Cicatrization is accomplished by the development of fibrous tissue in the floor and borders of the ulcer. By the contraction of this new-formed tissue the edges of the mucous membrane are united to the floor of the ulcer, and may be drawn together so as to close completely the defect in the mucous membrane. The result is a white stellate cicatrix, which is usually somewhat depressed and surrounded by puckered mucous membrane. It is probable that small, superficial ulcers may be closed so that the scar cannot be detected. The mucous membrane which has been drawn over the cicatrix is intimately blended with the fibrous substratum, and is usually itself invaded by fibrous tissue which compresses and distorts the gastric tubules. Hauser72 has shown that the tubular glands grow down into the cicatricial tissue, where they may branch in all directions. These new-formed tubules are lined by clear cylindrical or cutical epithelial cells, and may undergo cystic dilatation. Very irregular cicatrices may result from the healing of large and irregular ulcers. When the ulcer is large and deep and the stomach is adherent to surrounding parts, the edges of the mucous membrane making the border of the ulcer cannot be united by the contraction of the fibrous tissue in the floor of the ulcer. The cicatrix of such ulcers consists of fibrous tissue uncovered by mucous membrane. The closure of the ulcer is incomplete.

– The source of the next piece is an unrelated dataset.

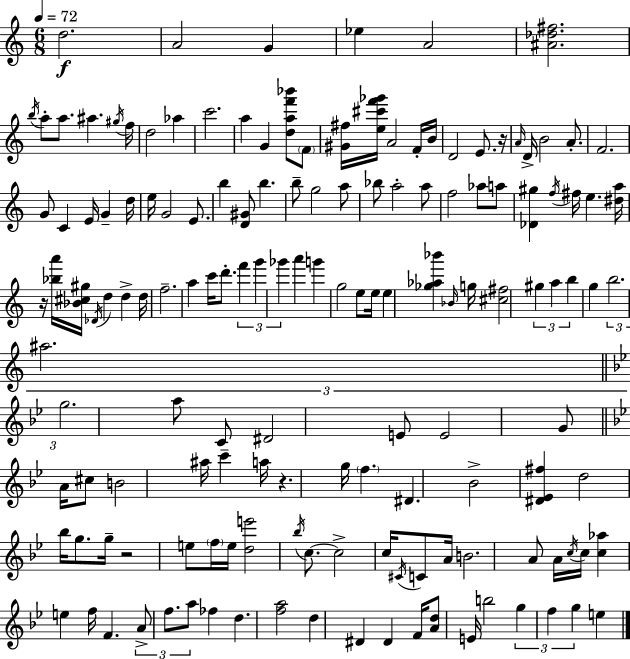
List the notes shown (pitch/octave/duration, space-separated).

D5/h. A4/h G4/q Eb5/q A4/h [A#4,Db5,F#5]/h. B5/s A5/e A5/e. A#5/q. G#5/s F5/s D5/h Ab5/q C6/h. A5/q G4/q [D5,A5,F6,Bb6]/e F4/e [G#4,F#5]/s [E5,C#6,F6,Gb6]/s A4/h F4/s B4/s D4/h E4/e. R/s A4/s D4/s B4/h A4/e. F4/h. G4/e C4/q E4/s G4/q D5/s E5/s G4/h E4/e. B5/q [D4,G#4]/e B5/q. B5/e G5/h A5/e Bb5/e A5/h A5/e F5/h Ab5/e A5/e [Db4,G#5]/q F5/s F#5/s E5/q. [D#5,A5]/s R/s [Bb5,A6]/s [Bb4,C#5,G#5]/s Db4/s D5/q D5/q D5/s F5/h. A5/q C6/s D6/e. F6/q G6/q Gb6/q A6/q G6/q G5/h E5/e E5/s E5/q [Gb5,Ab5,Bb6]/q Bb4/s G5/s [C#5,F#5]/h G#5/q A5/q B5/q G5/q B5/h. A#5/h. G5/h. A5/e C4/e D#4/h E4/e E4/h G4/e A4/s C#5/e B4/h A#5/s C6/q A5/s R/q. G5/s F5/q. D#4/q. Bb4/h [D#4,Eb4,F#5]/q D5/h Bb5/s G5/e. G5/s R/h E5/e F5/s E5/s [D5,E6]/h Bb5/s C5/e. C5/h C5/s C#4/s C4/e A4/s B4/h. A4/e A4/s C5/s C5/s [C5,Ab5]/q E5/q F5/s F4/q. A4/e F5/e. A5/e FES5/q D5/q. [F5,A5]/h D5/q D#4/q D#4/q F4/s [A4,D5]/e E4/s B5/h G5/q F5/q G5/q E5/q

Such cicatrices are liable to be the seat of renewed ulceration.
72 Das chronische Magengeschwür, etc., Leipzig, 1883. In the rare instances of carcinoma developing in the borders or in the cicatrix of gastric ulcer, Hauser believes that the cancerous growth starts from these glandular growths, which in general have only the significance of Friedländer's atypical proliferation of epithelial cells.

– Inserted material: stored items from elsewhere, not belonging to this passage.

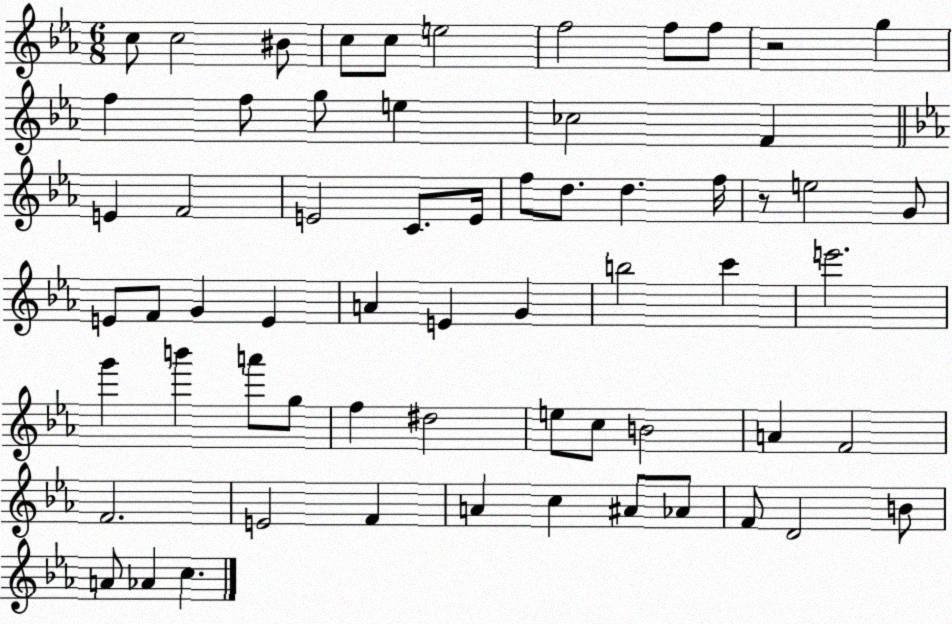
X:1
T:Untitled
M:6/8
L:1/4
K:Eb
c/2 c2 ^B/2 c/2 c/2 e2 f2 f/2 f/2 z2 g f f/2 g/2 e _c2 F E F2 E2 C/2 E/4 f/2 d/2 d f/4 z/2 e2 G/2 E/2 F/2 G E A E G b2 c' e'2 g' b' a'/2 g/2 f ^d2 e/2 c/2 B2 A F2 F2 E2 F A c ^A/2 _A/2 F/2 D2 B/2 A/2 _A c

The formation and contraction of the cicatrix may cause various deformities of the stomach. The character of these deformities depends upon the situation, the size, and the depth of the ulcer which is cicatrized. Among the most important of these distortions are stenosis of the pyloric orifice, followed by dilatation of the stomach, more rarely stenosis of the cardiac orifice, with contraction of the stomach, approximation of the cardiac and of the pyloric orifices by the healing of ulcers on the lesser curvature, and an hour-glass form of the stomach, produced by the cicatrization of girdle ulcers or of a series of ulcers extending around the stomach. These abnormalities in form of the stomach, particularly the constriction of the orifices, may be attended by more serious symptoms than the original ulcer.

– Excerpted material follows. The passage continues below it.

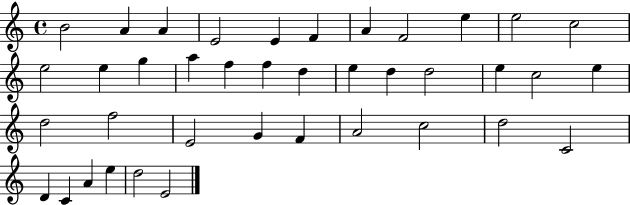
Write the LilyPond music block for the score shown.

As the ulcer extends in depth a circumscribed peritonitis, resulting in the formation of adhesions between the stomach and surrounding parts, is usually excited before the serous coat is perforated, so that the gravest of all possible accidents in the course of gastric ulcer—namely, perforation into the peritoneal sac—is permanently or temporarily averted. It has been estimated that adhesions form in about two-fifths of all cases of gastric ulcer (Jaksch). On account of the usual position of the ulcer on the lesser curvature or on the posterior wall of the stomach, the adhesions are most frequently with the pancreas (in about one-half of all cases of adhesion); next in frequency with the left lobe of the liver; rarely with other parts, such as the lymphatic glands, the diaphragm, the spleen, the kidney, the suprarenal capsule, the omentum, the colon, and other parts of the intestine, the gall-bladder, the sternum, and the anterior abdominal wall. Adhesions cannot readily form between the anterior surface of the stomach and the anterior abdominal wall, on account of the constant movement of these parts, so that ulcers of the anterior gastric wall are those most liable to perforate into the peritoneal cavity.